Completing all the lore objectives will unlock goodies but also a cool little picture of that hero behind all the locked puzzle pieces. It’s nothing game changing, but it’s a nice touch and feels like you’re actually accomplishing something as opposed to just playing for a while and then doing something else. It also rewards you for loyalty to one specific faction or character.
Image: Select Start MediaWhile as of now, Battleborn is decisively the more complete feeling game, there are a few things that hold it back from being excellent. One major problem Battleborn has is the extremely long loading times between finding a match and the time getting into one.
The opening sequence animation looks like something that would give fans of MTV’s Liquid Television a boner, but once you’ve seen it play, it wears out the welcome pretty quick. The same can be said about the roll call as matches begin to load – I don’t care who’s playing what character, just load the damn match.

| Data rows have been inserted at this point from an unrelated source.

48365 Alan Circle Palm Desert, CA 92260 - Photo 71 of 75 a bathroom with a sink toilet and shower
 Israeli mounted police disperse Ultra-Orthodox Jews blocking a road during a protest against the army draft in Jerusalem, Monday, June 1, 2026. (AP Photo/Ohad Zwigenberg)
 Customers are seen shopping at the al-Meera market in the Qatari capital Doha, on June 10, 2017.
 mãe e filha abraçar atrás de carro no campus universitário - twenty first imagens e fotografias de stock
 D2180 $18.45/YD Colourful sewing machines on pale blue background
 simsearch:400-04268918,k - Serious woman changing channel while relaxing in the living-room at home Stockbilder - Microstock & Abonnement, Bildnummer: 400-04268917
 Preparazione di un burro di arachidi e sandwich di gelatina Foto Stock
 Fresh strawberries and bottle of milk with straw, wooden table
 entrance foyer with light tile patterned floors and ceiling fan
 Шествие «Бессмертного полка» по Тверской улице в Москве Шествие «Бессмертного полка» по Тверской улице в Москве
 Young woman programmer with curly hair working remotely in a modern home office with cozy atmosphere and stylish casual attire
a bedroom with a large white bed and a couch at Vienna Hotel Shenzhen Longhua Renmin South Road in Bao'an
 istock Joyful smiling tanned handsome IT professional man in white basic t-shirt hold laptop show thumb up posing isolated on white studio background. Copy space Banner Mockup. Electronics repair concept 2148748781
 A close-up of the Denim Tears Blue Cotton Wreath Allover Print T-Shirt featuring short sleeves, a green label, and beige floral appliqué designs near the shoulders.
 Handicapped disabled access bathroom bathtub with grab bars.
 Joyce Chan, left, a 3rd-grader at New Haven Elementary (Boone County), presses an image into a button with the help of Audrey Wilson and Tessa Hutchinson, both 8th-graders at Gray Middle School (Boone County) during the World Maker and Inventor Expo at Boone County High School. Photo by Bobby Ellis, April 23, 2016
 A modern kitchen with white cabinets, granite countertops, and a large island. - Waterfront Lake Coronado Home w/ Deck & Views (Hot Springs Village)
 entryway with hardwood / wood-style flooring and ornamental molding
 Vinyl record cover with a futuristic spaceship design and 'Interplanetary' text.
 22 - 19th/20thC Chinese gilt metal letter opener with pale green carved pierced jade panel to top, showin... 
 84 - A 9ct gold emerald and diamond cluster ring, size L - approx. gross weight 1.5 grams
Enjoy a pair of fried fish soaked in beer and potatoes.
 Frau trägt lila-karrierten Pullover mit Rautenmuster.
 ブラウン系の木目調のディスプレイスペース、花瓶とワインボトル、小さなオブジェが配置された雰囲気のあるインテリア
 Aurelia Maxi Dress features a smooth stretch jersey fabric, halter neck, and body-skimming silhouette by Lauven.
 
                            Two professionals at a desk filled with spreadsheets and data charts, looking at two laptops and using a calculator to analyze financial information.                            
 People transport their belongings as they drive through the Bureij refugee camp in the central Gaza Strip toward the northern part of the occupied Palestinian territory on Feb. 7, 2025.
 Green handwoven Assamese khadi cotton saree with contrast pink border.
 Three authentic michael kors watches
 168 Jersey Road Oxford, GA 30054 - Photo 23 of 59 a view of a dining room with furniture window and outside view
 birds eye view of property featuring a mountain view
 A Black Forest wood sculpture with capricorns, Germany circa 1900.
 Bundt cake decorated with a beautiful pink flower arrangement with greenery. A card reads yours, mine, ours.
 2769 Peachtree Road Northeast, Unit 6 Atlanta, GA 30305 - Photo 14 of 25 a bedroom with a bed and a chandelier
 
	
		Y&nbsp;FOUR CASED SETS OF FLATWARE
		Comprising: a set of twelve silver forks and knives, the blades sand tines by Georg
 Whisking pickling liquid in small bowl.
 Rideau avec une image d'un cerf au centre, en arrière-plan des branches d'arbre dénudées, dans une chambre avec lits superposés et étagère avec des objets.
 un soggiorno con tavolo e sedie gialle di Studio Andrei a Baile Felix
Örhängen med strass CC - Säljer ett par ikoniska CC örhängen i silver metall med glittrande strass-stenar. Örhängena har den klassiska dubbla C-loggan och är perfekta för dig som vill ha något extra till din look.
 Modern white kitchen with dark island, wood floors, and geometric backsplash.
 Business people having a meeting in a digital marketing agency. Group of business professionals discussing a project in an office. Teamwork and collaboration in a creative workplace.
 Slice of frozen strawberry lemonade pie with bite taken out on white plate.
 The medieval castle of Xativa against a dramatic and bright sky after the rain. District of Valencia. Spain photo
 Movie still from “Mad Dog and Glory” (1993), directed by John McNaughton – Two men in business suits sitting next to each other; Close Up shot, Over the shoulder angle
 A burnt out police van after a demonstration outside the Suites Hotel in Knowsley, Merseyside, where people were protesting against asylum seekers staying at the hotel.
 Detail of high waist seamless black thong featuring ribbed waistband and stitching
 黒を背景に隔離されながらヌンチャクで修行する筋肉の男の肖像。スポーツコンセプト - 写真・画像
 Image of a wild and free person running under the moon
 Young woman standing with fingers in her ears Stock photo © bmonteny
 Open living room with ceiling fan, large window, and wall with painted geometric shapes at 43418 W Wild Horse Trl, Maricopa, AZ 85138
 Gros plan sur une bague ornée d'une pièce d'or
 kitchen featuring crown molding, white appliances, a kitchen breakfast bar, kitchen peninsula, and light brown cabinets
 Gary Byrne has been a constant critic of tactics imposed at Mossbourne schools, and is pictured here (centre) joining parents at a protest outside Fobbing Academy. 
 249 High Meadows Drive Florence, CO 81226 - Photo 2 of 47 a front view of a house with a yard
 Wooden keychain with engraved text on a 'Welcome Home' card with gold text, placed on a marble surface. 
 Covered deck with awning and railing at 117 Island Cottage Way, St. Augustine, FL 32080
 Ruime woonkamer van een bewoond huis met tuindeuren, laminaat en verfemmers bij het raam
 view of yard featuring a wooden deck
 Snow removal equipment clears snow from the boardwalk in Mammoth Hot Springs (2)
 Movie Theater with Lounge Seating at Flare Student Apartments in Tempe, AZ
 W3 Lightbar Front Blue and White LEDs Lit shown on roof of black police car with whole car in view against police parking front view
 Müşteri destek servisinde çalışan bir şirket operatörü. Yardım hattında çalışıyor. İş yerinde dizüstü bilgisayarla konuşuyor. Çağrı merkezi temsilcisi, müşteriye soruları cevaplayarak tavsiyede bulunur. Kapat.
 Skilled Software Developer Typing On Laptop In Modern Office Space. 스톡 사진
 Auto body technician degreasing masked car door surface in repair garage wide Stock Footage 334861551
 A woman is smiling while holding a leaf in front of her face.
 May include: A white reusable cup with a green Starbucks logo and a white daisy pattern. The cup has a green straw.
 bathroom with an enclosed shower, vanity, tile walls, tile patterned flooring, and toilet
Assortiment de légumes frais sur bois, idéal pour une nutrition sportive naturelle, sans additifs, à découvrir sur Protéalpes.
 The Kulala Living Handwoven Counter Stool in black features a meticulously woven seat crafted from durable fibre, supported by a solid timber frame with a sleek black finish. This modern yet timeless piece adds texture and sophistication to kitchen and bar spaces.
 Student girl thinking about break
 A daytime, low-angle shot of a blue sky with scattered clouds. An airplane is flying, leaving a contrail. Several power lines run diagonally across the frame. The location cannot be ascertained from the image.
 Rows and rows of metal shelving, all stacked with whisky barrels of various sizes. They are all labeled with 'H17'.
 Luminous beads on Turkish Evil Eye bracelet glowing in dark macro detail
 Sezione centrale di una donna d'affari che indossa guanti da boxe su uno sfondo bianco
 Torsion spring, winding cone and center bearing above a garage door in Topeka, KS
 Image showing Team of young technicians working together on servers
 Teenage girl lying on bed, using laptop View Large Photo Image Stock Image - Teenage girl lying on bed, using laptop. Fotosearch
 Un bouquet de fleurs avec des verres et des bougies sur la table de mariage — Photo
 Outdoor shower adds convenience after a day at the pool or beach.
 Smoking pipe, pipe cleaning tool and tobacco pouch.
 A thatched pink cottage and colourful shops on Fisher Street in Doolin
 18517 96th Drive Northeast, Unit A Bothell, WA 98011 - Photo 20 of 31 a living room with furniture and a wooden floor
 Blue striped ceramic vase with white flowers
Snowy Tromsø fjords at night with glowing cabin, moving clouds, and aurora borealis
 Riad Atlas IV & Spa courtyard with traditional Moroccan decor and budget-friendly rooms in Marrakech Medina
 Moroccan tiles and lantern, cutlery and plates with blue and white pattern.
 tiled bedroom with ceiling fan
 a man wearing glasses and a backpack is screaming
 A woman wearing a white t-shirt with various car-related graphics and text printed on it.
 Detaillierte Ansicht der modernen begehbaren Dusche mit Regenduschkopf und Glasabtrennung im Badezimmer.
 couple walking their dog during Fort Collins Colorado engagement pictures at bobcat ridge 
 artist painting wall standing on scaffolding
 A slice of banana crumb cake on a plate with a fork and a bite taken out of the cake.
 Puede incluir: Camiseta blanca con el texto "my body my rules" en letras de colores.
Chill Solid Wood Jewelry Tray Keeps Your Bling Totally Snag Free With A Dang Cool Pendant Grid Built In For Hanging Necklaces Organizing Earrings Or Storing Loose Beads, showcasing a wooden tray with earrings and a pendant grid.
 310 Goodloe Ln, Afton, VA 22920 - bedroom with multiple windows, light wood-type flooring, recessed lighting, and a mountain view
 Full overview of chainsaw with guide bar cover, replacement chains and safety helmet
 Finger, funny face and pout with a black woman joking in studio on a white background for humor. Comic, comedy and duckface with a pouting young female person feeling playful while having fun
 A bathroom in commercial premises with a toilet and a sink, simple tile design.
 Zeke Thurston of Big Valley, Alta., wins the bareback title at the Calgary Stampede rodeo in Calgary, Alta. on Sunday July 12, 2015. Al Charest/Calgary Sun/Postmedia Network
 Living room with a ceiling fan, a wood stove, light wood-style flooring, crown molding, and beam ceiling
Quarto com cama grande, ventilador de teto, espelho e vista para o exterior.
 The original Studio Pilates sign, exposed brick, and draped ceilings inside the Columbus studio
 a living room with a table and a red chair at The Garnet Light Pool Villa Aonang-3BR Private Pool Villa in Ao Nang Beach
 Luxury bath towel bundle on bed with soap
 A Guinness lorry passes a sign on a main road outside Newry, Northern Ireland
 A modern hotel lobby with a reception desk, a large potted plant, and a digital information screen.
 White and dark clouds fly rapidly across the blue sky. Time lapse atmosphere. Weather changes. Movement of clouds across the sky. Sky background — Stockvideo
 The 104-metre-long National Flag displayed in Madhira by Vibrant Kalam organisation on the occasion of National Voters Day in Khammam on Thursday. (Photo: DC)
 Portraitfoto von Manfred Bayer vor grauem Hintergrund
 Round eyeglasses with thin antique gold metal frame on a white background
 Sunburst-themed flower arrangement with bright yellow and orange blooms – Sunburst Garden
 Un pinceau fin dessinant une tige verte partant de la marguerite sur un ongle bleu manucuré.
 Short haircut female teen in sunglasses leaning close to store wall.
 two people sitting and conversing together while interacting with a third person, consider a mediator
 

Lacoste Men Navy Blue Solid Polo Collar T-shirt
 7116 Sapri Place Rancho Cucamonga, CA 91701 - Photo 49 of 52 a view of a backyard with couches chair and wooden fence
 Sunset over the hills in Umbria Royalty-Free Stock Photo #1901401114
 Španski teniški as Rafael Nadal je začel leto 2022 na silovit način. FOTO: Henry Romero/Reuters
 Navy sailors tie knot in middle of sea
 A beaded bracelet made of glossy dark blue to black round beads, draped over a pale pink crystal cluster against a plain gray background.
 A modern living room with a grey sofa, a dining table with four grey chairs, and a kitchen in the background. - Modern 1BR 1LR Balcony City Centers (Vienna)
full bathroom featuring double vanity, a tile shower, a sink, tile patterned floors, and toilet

The other glaring problem Battleborn has is that your shots don’t go through your allies. While this makes the game more about pure skill, nothing is more frustrating than playing ISIC and charging your cannon for a killing blow just to have some asshole run up in front of you and block your shot so they can easily steal the kill.
Those two things really hurt Battleborn, which is sad considering it’s a lot of fun. The characters are all interesting though not terribly well balanced. There’s a genderless mushroom named Miko who you can either spec to heal or hurt, a masked luchador named El Dragon who you can you spec for glass cannon or slightly more tank power, or a duel-wielding madman named Rath who only wants to slice apart anything in his way. Sadly, a lot of characters feel niche (like Caldarius) and can easily be outdone by someone with a similar skill set.
The Borderlands humor still exists here, with lots of profanity cleverly bleeped in ways that turn it into great comedic fodder such as ISIC yelling “SH***************T” after you capture him in the story mode and Geoff the spider has terrific dialogue. ISIC’s speech in general is reminiscent of the dog with the collar from the Disney movie Up.
Battleborn is great, but it just isn’t as inviting it could be – and the marketing has made it look more like a direct competitor for Blizzard’s Overwatch, despite being considerably different. It’s a shame more people aren’t getting onto the Battleborn bandwagon because while it isn’t a smooth as Overwatch it’s far more complete and feels like a full game instead of paying to continue playing a demo.